At the outset of Fernando Coimbra’s Sand Castle, now streaming on Netflix, the young soldier played by Nicholas Hoult makes it clear that although he signed up to be in the reserves, he hadn’t really been prepared to be in a war; instead he just wanted the money that being in the reserves offered for college. Then 9/11 happened, the world changed, and he had to fight.
It is a smart, touching, and slightly bloody start to a war movie, one that takes the audience with Private Matt Ocre (Hoult) and his fellow squad mates into Iraq as they attempt to win over the hearts and minds of a town by restoring the flow of water. And, just as with the start of the movie, the rest of it is smart, touching, and slightly bloody.
What impresses about Sand Castle is not the generalities of the tale—movies about wars in the Middle East and even this particular war in Iraq have been made before—but rather the fact that, unlike so many other films, this one doesn’t give a strong pro- or anti-war message. It is instead very concerned with offering up to the audience a look at the difficulties the soldiers and the people of Iraq face during the war.

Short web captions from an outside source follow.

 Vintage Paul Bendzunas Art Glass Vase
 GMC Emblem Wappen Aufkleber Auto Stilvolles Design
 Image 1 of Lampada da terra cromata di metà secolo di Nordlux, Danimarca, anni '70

At one point in the film, Ocre’s squad, which is led by Sgt. Harper (Logan Marshall-Green) and consists of several other members including Sgt. Chutsky (the charismatic Glen Powell), attempt to hire Iraqis to help with the rebuilding of a water pump station. However, as much as the locals need water, and despite the promise of pay, the Iraqis are unwilling to take part in the work. It is explained to the soldiers that while the U.S. may run the show in town during the day, they don’t control the night, and any of the locals who help the American forces will wind up in trouble. It is a serious issue the soldiers never considered and they have to find a way around it, which is just what they attempt to do.

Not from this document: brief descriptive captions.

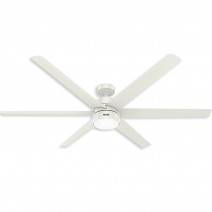  72" Hunter Solaria Outdoor Ceiling Fan With LED Module - 51477 - Fresh White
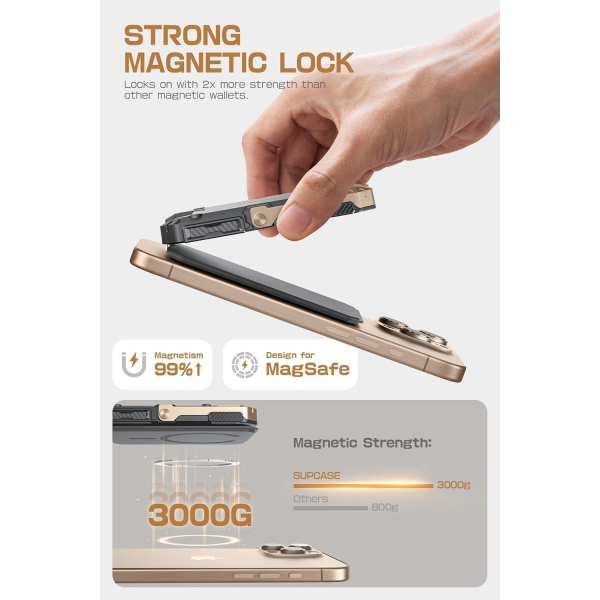 SUPCASE Manyetik Czdan ve MagSafe ile Uyumlu Stand-Desert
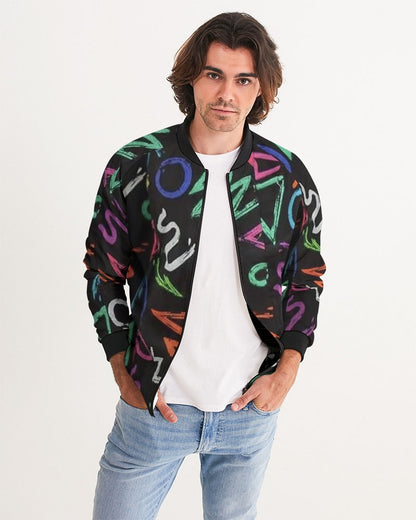 FZ AFRICAN ALPHA PRINT Men's Bomber Jacket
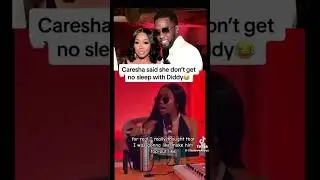 This interview was CRINGE.. Now you just gotta listen. #diddy  #caresha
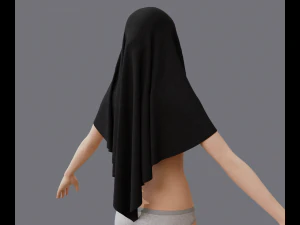 Nuns veil wimple 3D Model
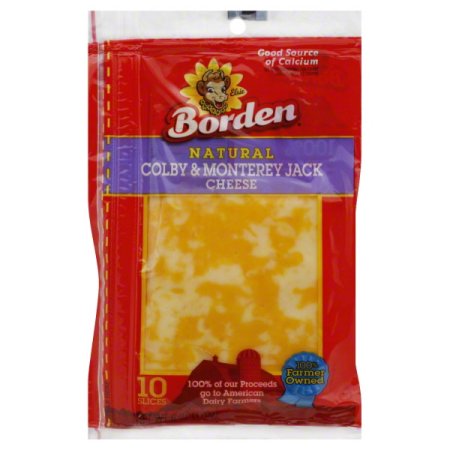 Colby Et Monterey Jack Sliced Cheese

While that may be the soldiers’ biggest stumbling block, the largest one faced by Sand Castle itself are those very same soldiers. It is clear that they are a heterogeneous mix (and only fall into some testosterone-laden stereotypes), but except for Ocre and perhaps Harper, they never feel fully fleshed out. That said, Hoult is wonderful as Ocre. The character’s individual journey from the start of the film to the end is wholly engrossing. None of the moments feel contrived or over the top in a story which could easily bend that way.

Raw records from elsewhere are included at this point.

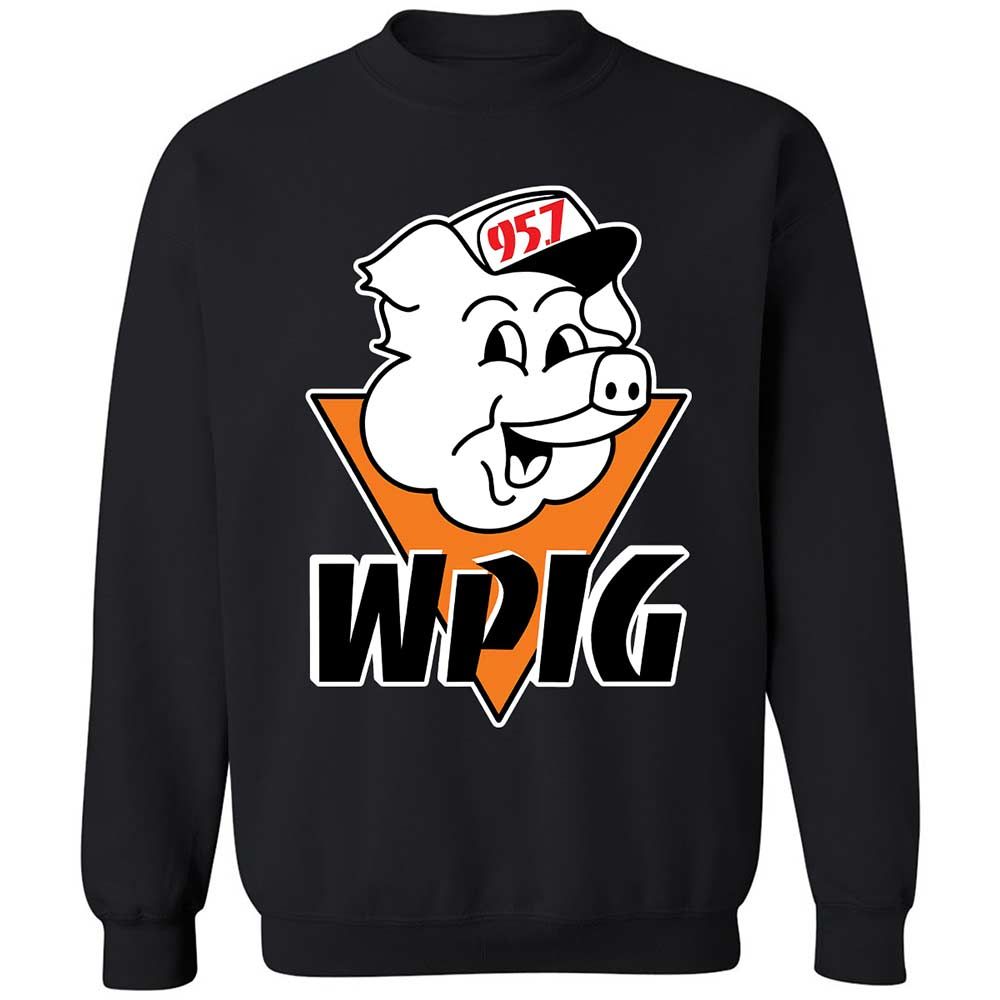 Wpig 95.7 Radio Station - Black - 1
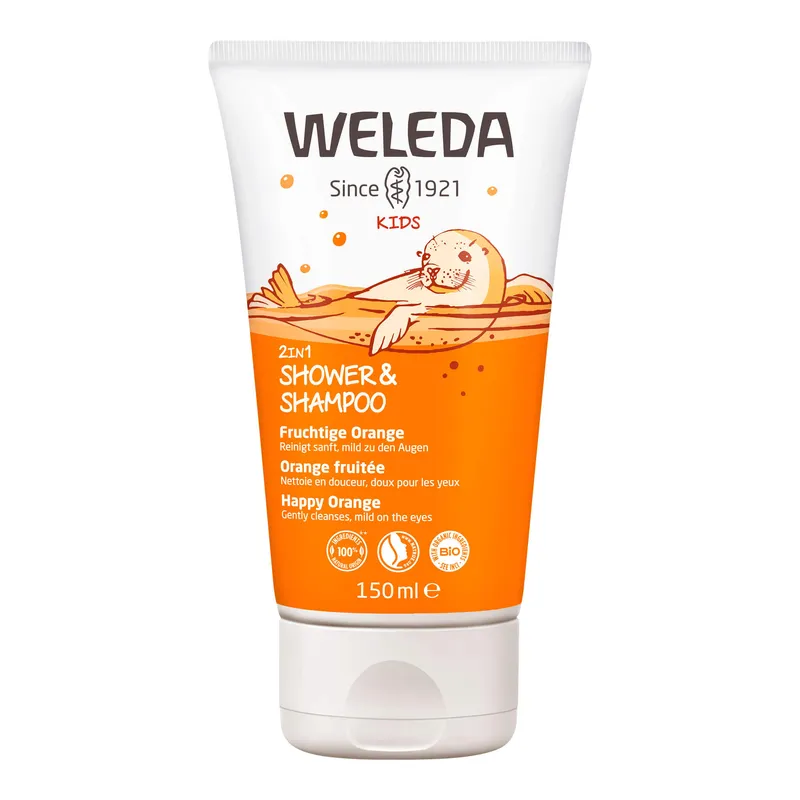 Weleda Weleda Kids 2in1 Shower & Shampoo Fruchtige Orange – Produktbild 1 von 1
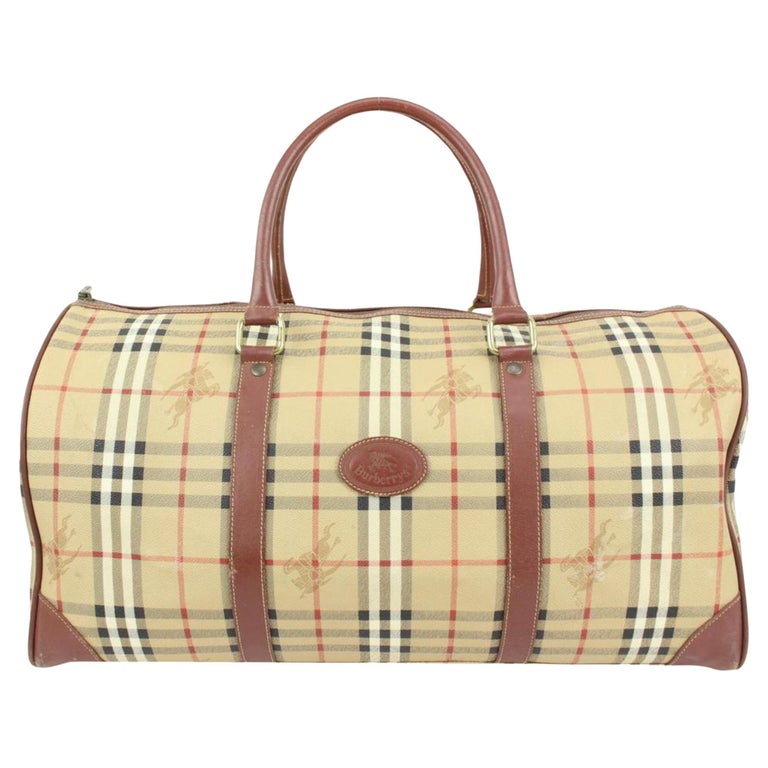 Burberrys Nova Check Boston Duffle Travel Boston Bag 44b97 For Sale at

Even so, without the other soldiers in the group being as well defined, the audience ends up feeling less for their plight than it does for the people at a local school who desperately need the water the soldiers are bringing into town via tanker truck. One of the most intriguing characters whose surface is only ever scratched is Captain Syverson (Henry Cavill), a member of the Special Forces group with which Harper and his squad are staying.
Watching the soldiers distribute water to the people in Sand Castle, as with much of what takes place, is a tension-filled experience, and director Fernando Coimbra handles the moments quite well. This is a war movie, these guys are in a place where some of the locals don’t want them, there are armed and dangerous people around, and it is clear that at some point in the movie someone is going to start shooting. Coimbra makes this tension palpable and the soldiers’ fear of it real. One or two moments of heavy-handedness exist here, with the audience aware well before the soldiers are that something bad is going to happen. Excluding those few moments the rest of it works wonderfully and sharpen the film measurably.